Toutes ces procédures ont été contestées, d’abord en référé (procédure rapide pouvant suspendre une décision de l’administration, en attendant un jugement sur le fond), le plus souvent perdues, mais également sur le fond du dossier, et sont en attente d’audience et de jugement pour la plupart. « Les rectorats jouent sur le temps long, la disproportion financière et un terrain juridique qui ne nous est pas favorable, fustige Aladin Lévêque, l’un des enseignants visés à Melle. Nous nous battons contre des dossiers complètement à charge, anonymisés, avec des pièces falsifiées, sans aucune vraisemblance. »
« Il n’y a que Pap Ndiaye pour arrêter ça »
Rassemblé·es dans le collectif « Sois prof et tais-toi », ces enseignant·es sont soutenu·es par une intersyndicale très large qui n’hésite plus à parler de « répression syndicale », qui viserait les organisations syndicales les plus contestataires, sans exclusive, allant de Sud Éducation à la CGT, en passant par FO ou le SNES-FSU. Des organisations prônant et pratiquant, pour certaines, une lutte de plus en plus dure ces dernières années dans les établissements, y compris par la grève, arguant du caractère totalement verrouillé du dialogue social ordinaire.
La conséquence à la fois d’une politique de « concertation » tous azimuts qui masque mal une relation devenue totalement délétère entre un ancien ministre, Jean-Michel Blanquer, et toutes les organisations syndicales, mais également d’une volonté plus profonde de rapprocher la fonction publique du fonctionnement managérial en entreprise.
« Avec le cas de Kai Terada, qui intervient au début de ce nouveau quinquennat, nous sommes à la croisée des chemins, assure Grégory Thuizat. Est-ce que le signal que va envoyer l’institution c’est la rupture ou la continuité du mandat Blanquer ? C’est tout l’enjeu du rassemblement de mercredi. » Même son de cloche chez Aladin Lévêque, depuis les Deux-Sèvres. « Ils ont tout essayé ces dernières années, en passer par la voie pénale à Clermont-Ferrand, la suspension puis la procédure disciplinaire, le blâme sans sanction disciplinaire, et ce nouveau cocktail de l’arbitraire, suspension sans motivation et mutation dans l’intérêt du service.
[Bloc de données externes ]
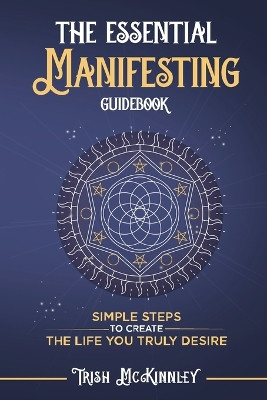 The Essential Manifesting Guidebook: Simple Steps to Create the Life You Truly Desire by Trish McKinnley 9798989316236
Il n’y a que Pap Ndiaye pour arrêter ça. »
Jules Siran peine à y croire, son syndicat prépare d’ailleurs une saisine de la Défenseure des droits pour « présomption de discrimination syndicale » vis-à-vis de Sud Éducation, notoirement et depuis longtemps dans le viseur. « Au moment de la nomination du nouveau ministre, nous avons noté la volonté d’afficher un symbole progressiste. Pap Ndiaye, c’est quand même un historien qu’on cite dans les bibliographies de nos formations syndicales ! Mais les cas de répression se poursuivent et se ressemblent. »
Se refusant à commenter sur le fond ces décisions, le ministère a néanmoins reçu en audience une délégation assez conséquente à l’issue de la manifestation de mercredi, ce qui signe, sur la forme, un petit changement de pied. Kai Terada sera lui fixé sur son sort jeudi 22 septembre, à l'issue de sa convocation par le rectorat de Versailles.